The virus responsible for infectious mononucleosis is called the Epstein-Barr virus. In most cases, this mono virus infects an individual without being aware of it. A high percentage of adults end up with a positive result for antibodies to the virus, thus indicating that they are infected and successfully dealt with the infection. On the other hand, the mono virus is capable of causing various infections that range from simple mononucleosis to meningitis that requires medical attention.
Infectious mononucleosis is one of the prevalent diseases triggered by the EBV or mono virus. This condition is oftentimes called as the “kissing disease” since it is spread via contact with the saliva of an infected individual. The symptoms at the start of infectious mononucleosis include generalized feeling of discomfort or malaise along with headache and low-grade fever.
As the infection progresses, the fever heighten while the tonsils and throat become inflamed and the lymph nodes in the neck become swollen. Take note that most of these symptoms vanish within a week or two. One of the symptoms of this condition is the extreme and debilitating tiredness that can persist for months after the other symptoms already vanished.
Nervous system infections
Even though most individuals are infected with the mono virus without being aware of it, some have manifestations of the infection that can be serious. Meningoencephalitis is a potentially life-threatening infection involving the tissue around the brain or meninges. The symptoms of meningoencephalitis might include stiff neck as well as changes in the cognition and level of consciousness that ranges from confusion to loss of consciousness.
The mono virus can also affect other parts of the nervous system. In case the optic nerve is involved, it is called as optic neuritis and can trigger abrupt changes in vision such as blurring or pain that can be experienced as a sharp, stabbing or dull ache.
Infections in other organs
The infections with mono virus is not only limited to an attack of infectious mononucleosis or even the serious potential infections of the nervous system. It is important to note that the virus is also capable of triggering infection in almost any organ in the body.

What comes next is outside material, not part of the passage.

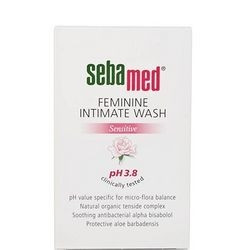 sebamed 施巴 女士护理清洗液 pH3.8 200ml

If the virus affects the lungs, the individual will develop pneumonia with symptoms such as fever, cough and shortness of breath. In case the heart is affected, the condition is also called myocarditis and might result to heart failure, fatigue and even difficulty in exercising. Once the individual starts to notice the presence of these types of symptoms, he/she must schedule an appointment with a doctor since further assessment and evaluation might be required.
If any of these conditions start to manifest, they would surely require proper assessment by a doctor so that proper treatment can be started. Regardless of the part of body infected by the mono virus, consulting a doctor is a must.